Drain the Great Lakes to Fuel Sprawl? Not So Fast

Governors of the states surrounding the Great Lakes are considering a water policy case with big implications for land development throughout the Midwest.

If Waukesha gets its way, Great Lakes water would enable more sprawling greenfield development like “Pabst Farms.” Photo: Pabst Farms

Waukesha, Wisconsin, a sprawling suburban area outside Milwaukee, has exhausted its water resources. Rather than cooperate with the city of Milwaukee to secure water, Waukesha spent years preparing an application to divert water from Lake Michigan. Waukesha needs permission from the states and provinces that signed the Great Lakes Compact, a 2008 agreement to protect the world’s largest freshwater source from being pillaged.
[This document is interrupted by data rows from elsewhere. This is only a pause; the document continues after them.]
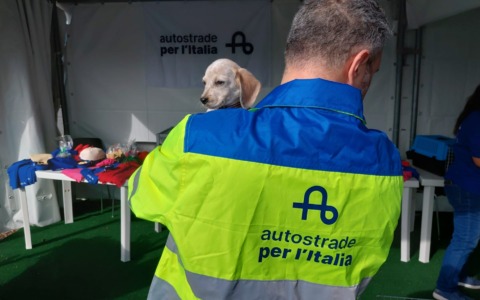 Sicurezza stradale e benessere animali, il presidio sull’A1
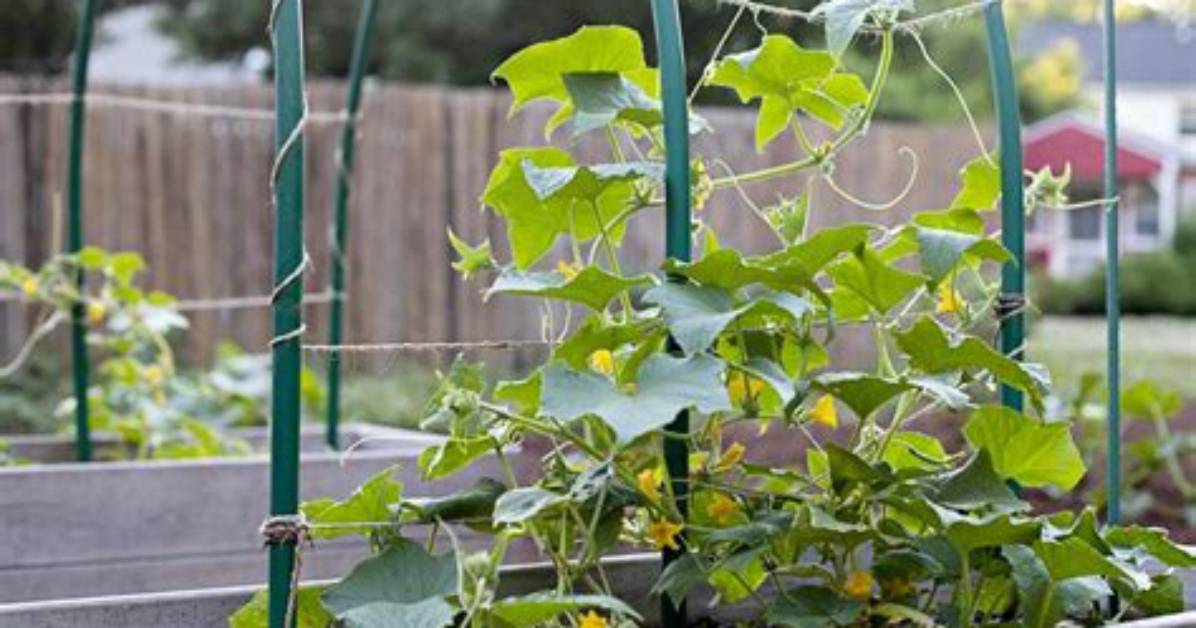 How to Grow Vining Cucumbers?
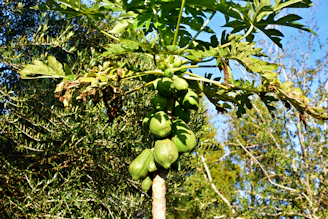 Lush papaya trees with ripe fruits glowing under the sunlight.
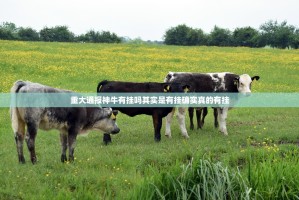 重大通报神牛有挂吗其实是有挂确实真的有挂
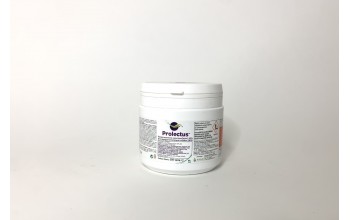 PROLECTUS WG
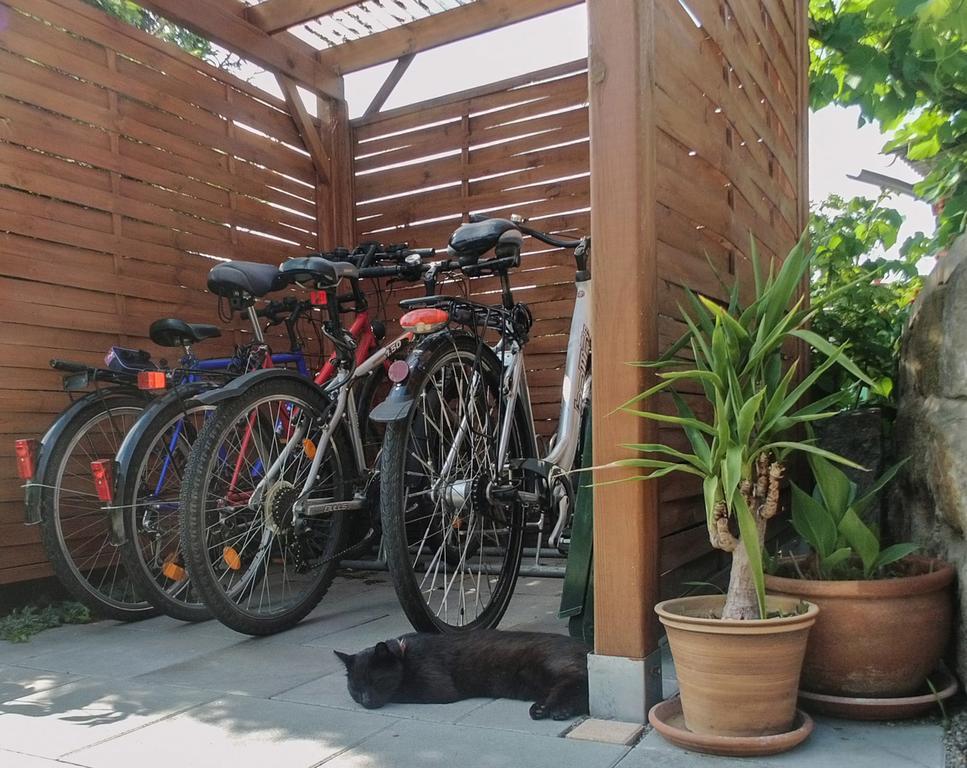 Ferienwohnung Am Elberadweg Dresda Esterno foto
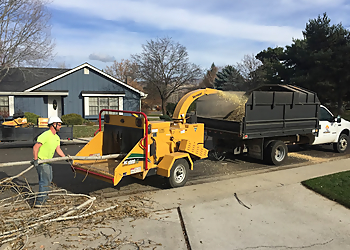 Boise City Tree Services Sawtooth Tree Service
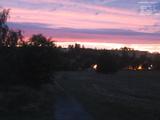 20 : 32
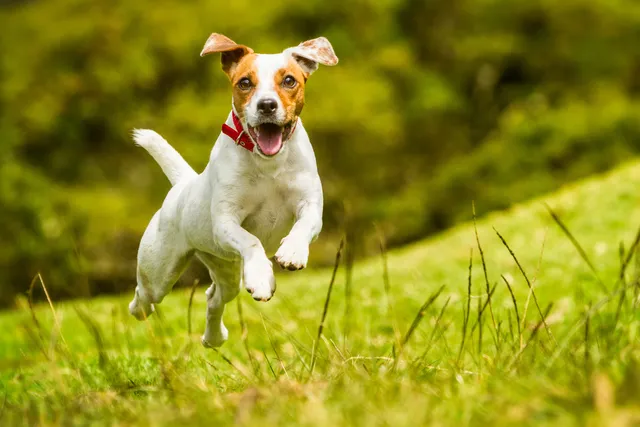Happy Jack Russell running in grass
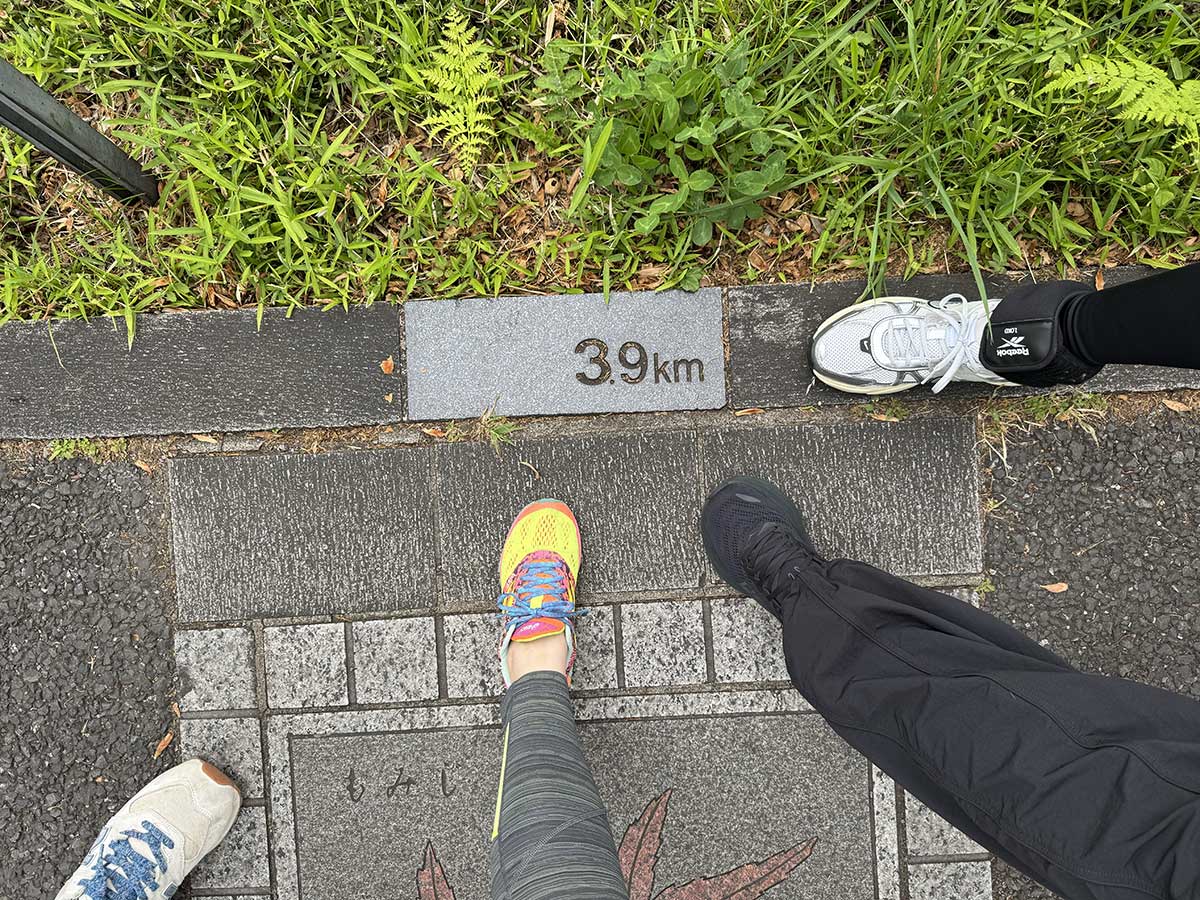 ミクという事で“3.9”kmの花の輪プレートを発見。花は広島県のもみじでした。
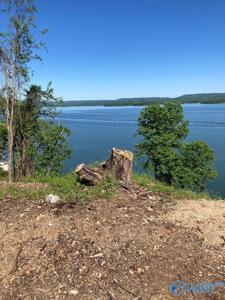 810 Pine Island Point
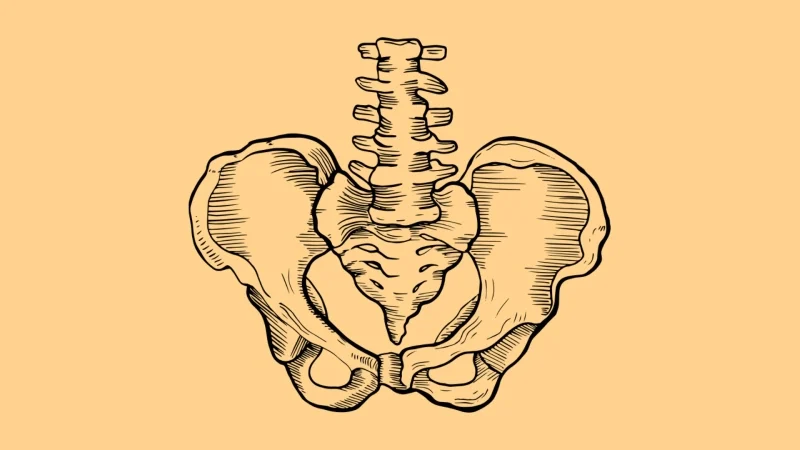 سلامت عضلات کف لگن: همه چیز درباره تشخیص و درمان مشکلات لگنی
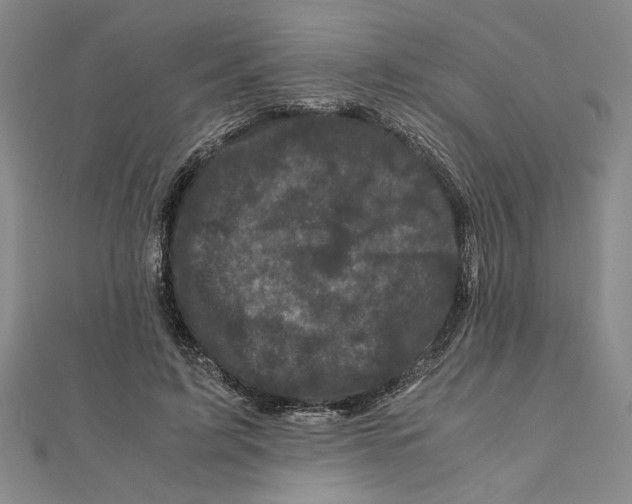 X0000111120595200907281031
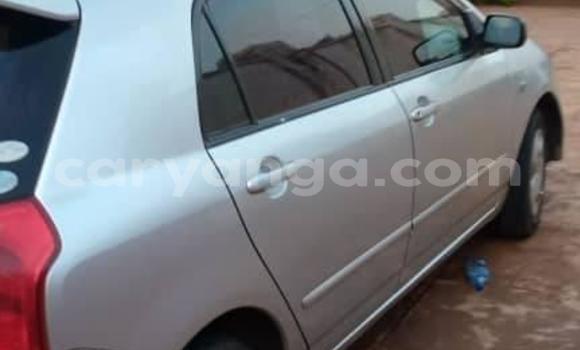 Nunua Ilio tumika Toyota Runx Silver Gari ndani ya Blantyre nchini Malawi Nunua Ilio tumika Toyota Runx Silver Gari ndani ya Blantyre nchini Malawi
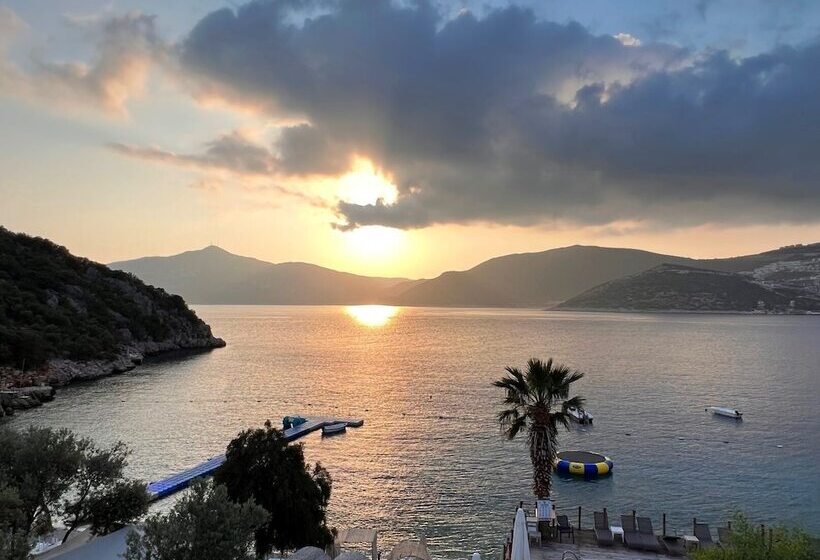 ホテル Kalkan Beachpark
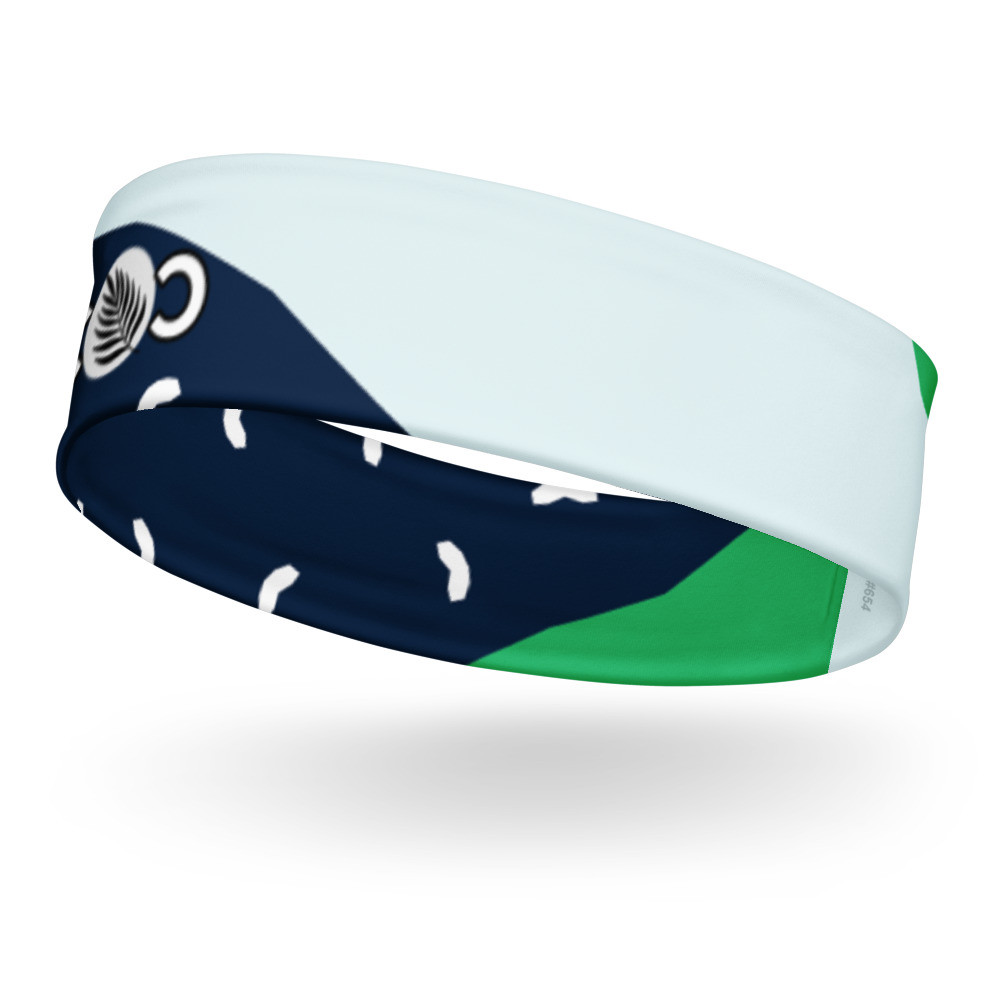 Multicolored Headband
James Rowen at the Political Environment has been following the case for years. He says at least one aspect of Waukesha’s application — the part that would use Lake Michigan water to fuel more sprawling greenfield development — looks DOA:

Decision-making officials from eight Great Lakes states and advisers from two Canadian provinces reviewing Waukesha’s request for a precedent-setting diversion of water from Lake Michigan — an application that took years to write and large sums of staff and consulting time to prepare, and which Scott Walker’s DNR had said was up to snuff — have chopped from the application the so-called expanded service territory beyond Waukesha’s municipal borders and into neighboring communities which had bumped up the diversion’s daily demand and its underlying controversy.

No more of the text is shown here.